No início do expediente do primeiro dia serviram-me um cafezinho. Estranhei que tomavam café frio. Ao sorver o primeiro gole notei que era puro sal. Eu ainda não sabia onde era o banheiro e fui obrigado a engolir, para deleite de todos os colegas que, assim, davam-me as boas-vindas.
A partir dali passei a assistir muitas brincadeiras aplicadas a novos colegas que, ingenuamente, nelas caíam.
O chefe de meu setor, também carioca, ordenou que meu colega fizesse a seleção de boletos que mantínhamos arquivados para controle da pontualidade do cliente. Determinou que excluísse os mais antigos, com mais de três meses, e os carimbasse com o carimbo “rasgue-se” e rubricasse, procedimento padrão do Banco.
Após selecionar pacientemente os mais antigos durante todo o expediente, pediu ao chefe o carimbo. Este ordenou que fosse ao andar de baixo e o solicitasse ao superior, Chefe de Serviço. Depois de alguns minutos retornou com um carimbo “p.p”, que significa “por procuração”. O chefe de serviço, também carioca, é claro, não “encontrou” o carimbo “rasgue-se” e entregou-lhe o “p.p” dizendo-lhe que significava “papéis prejudicados”.
O colega retornou e explicou ao chefe a troca de carimbos e passou a carimbar e rubricar todos os antigos boletos antes de rasgá-los. Naquela faina, depois de algum tempo, para a risada de todos os colegas, queixou-se que achava um contrassenso carimbar e rubricar os papéis se iriam ser rasgados e jogados no lixo…
Mandar os novos funcionários buscar o “alicate de puxar saldo” ou a “máquina de procurar diferença” era comum e o chefe, sentindo a malandragem, dava um jeito de fazer o incauto rodar mais um pouco ou ainda incrementava a sacanagem.

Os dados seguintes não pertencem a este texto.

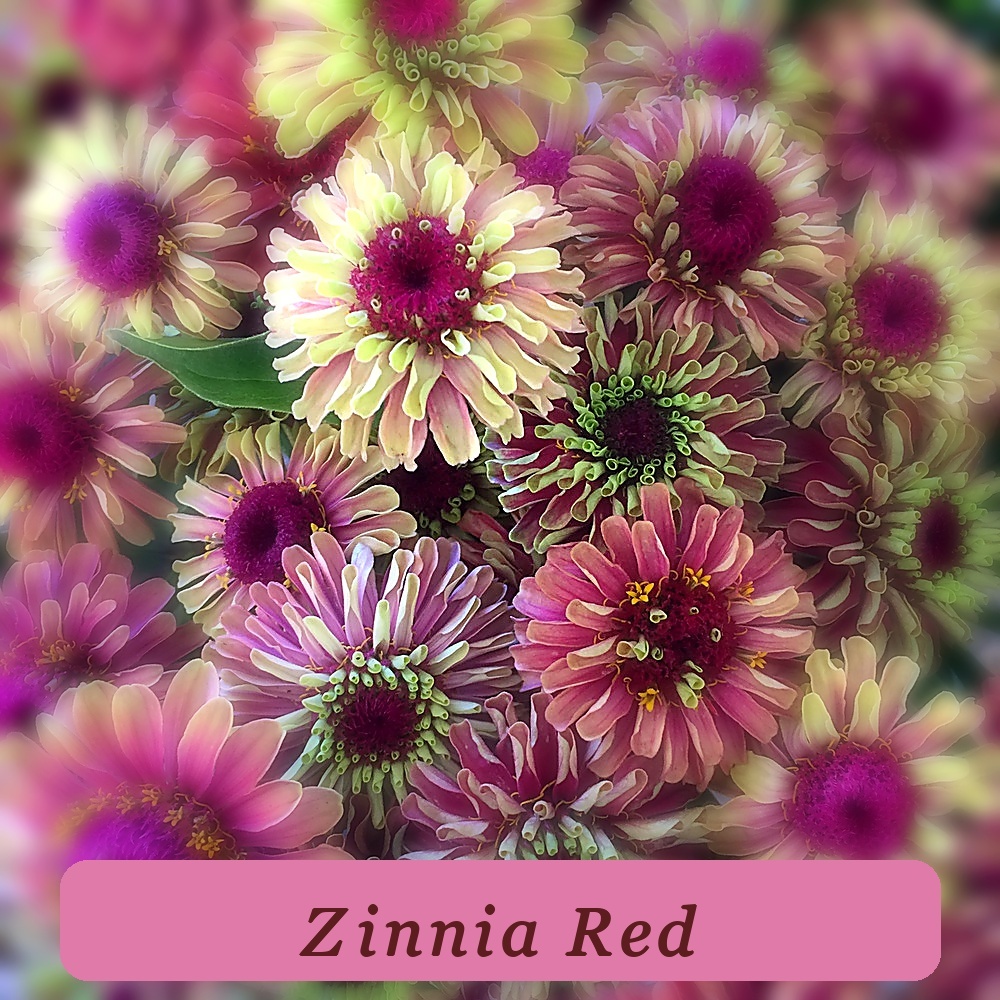 25 Red Lime Queeny Zinnia Elegans Green Queen Flower Seeds Fresh Harvest - $5.46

Essas “máquinas” eram normalmente incluídas na lista de material que o novato deveria requerer ao gerente do Banco ao assumir, além de diversos outros materiais inexistentes, inclusive rolos extras de papel higiênico especial. Numa dessas fizeram o incauto relacionar suas habilidades pessoais para substituir o gerente, caso este precisasse se ausentar da Agência.
Havia dois colegas de uma cidade próxima que não perdiam oportunidade de ir até sua cidade, nem que fosse por algumas horas. Cientes disse, inventaram que, ao final do balanço semestral, o lucro deveria ser levado por um funcionário à agência daquela cidade. Travou-se uma luta surda entre os dois para ser o escolhido, até que um foi designado, gerando ciúmes no preterido.
Ao final do balanço, fizeram-no assinar o recebimento do valor e deram-lhe um envelope lacrado, cheio de carimbos e rubricas, que conteria o “lucro” do Banco, para ser levado à Agência vizinha e entregue ao gerente. É claro que, quando lá se apresentou, dizendo que havia trazido o “lucro” do Banco, fizeram-no andar de um setor a outro, para desincumbir-se de sua “missão”.
A maioria dos colegas acabou casando-se com moças da cidade, depois seguindo carreira ou voltando à suas origens, mas deixando muitas amizades e grande saudade.